There are a lot of opportunities for close, trusting, intimate, bonding relationships to lead to anxiety and worries and stresses. If you do encounter panic about romance, then you are not alone. personally, I do have a few stresses when it comes to forming relationships of all kinds, not just romantic but just the common platonic relationships we form on a regular basis - friends, family, peers, colleagues... etc. Over time, we are very capable to work on finding ways to find a quality relationship despite our stresses etc. Have hope and patience, and look for opportunities to learn and improve :)

 

When in your OP you say, you aren't sure but maybe you'd be interested in long-term companionship or maybe dating but it isn't really clear, to me saying this implies that maybe you do desire romantic partnership, which is in my oppinion one form of attraction * technically tho, unless you feel attracted to particular people, this can still be a frustrating thing - to want a relationship, but not know how to find one.

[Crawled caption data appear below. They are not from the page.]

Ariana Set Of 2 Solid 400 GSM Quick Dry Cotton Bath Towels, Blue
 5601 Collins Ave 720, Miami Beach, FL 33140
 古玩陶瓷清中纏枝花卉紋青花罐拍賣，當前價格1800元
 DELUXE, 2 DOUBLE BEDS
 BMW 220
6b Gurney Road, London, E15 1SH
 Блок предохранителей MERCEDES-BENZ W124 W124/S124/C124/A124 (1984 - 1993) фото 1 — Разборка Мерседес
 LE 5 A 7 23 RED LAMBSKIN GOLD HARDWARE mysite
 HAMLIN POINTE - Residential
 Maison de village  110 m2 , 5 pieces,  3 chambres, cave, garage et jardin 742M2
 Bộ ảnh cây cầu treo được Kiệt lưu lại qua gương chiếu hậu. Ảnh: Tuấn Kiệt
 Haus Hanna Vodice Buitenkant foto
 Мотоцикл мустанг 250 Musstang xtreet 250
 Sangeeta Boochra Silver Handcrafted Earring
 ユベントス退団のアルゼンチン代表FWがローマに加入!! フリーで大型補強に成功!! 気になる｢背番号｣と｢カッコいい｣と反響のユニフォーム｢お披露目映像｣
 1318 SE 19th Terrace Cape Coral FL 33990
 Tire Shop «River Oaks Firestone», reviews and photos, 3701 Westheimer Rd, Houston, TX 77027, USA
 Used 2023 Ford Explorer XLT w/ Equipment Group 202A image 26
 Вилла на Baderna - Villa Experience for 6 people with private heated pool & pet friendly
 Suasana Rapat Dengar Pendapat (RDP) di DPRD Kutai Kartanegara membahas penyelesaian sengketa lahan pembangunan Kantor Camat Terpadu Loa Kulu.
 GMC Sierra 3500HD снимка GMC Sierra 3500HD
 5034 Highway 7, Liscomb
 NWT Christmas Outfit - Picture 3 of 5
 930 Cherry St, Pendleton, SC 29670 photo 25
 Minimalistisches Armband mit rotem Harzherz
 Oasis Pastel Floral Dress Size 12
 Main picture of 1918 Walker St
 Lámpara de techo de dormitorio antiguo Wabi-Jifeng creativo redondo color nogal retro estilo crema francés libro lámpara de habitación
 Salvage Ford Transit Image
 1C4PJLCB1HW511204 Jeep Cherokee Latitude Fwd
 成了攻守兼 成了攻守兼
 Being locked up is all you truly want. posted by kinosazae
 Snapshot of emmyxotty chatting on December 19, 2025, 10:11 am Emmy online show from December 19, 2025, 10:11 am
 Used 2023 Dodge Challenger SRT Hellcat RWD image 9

Myself, I am both demiromantic and quoiromantic - demiromantic means that, it takes a strong bond before I can feel romantic attraction towards anyone - as in, I just can't be interested in people at all romantically, before I have had sufficient time to get to know them and get comfortable with them. and quoiromantic means - that I cannot really tell the difference between friendship and romanticism. for me, being both these actually complicate each other - knowing that some day I want a relationship, makes it really hard to be friends with people, especially since my only viable path to a relationship IS to befriend people first. so I have a lot of anxiety with my friends because of that. and then, quio complicates being demi because - I can never have faith that I really AM demi, maybe I'm just too closeted about romanticism due to being quio that I just can't express my romantic feelings properly until I feel comfortable and close! But, who can really be sure with such a thing? all that I know is that eventually I figure out how to be friends with people given enough time. and, eventually I'll probably be in a romantic relationship. ultimately, knowing that is what really matters to me - the label of my orientation is helpful to understand what I want, but what I want/anticipate/live is what really matters when it comes down to it. 

 

 

 

 

*I say that general interest in a romantic relationship is "attraction" but this is a controversial statement. most folk on arocalypse.com have the opinion that aromantic folk can still have a desire to partner, tho it appears such desire is only 1/4 of the population there according to an informal poll. when it comes to sexual attraction, there are some folks who come here on occasion and say something as extreme as, "I really love sex and have it with anyone but, I just never really feel attracted to the person. I just like experiencing my arousal through sex, that's all - so because I'm never attracted to anyone, I am ace!" but such comments have had backlash from the ace community, saying that they're pansexual, not asexual. So in general, whether or not generally desiring a romantic relationship or a sexual relationship "counting" as romantic or sexual attraction is controversial. But, the bottom line is - knowing what you want, is what really matters. hopefully an orientation can be found that helps you to understand and declare what you want, to communicate it and pursue what you want.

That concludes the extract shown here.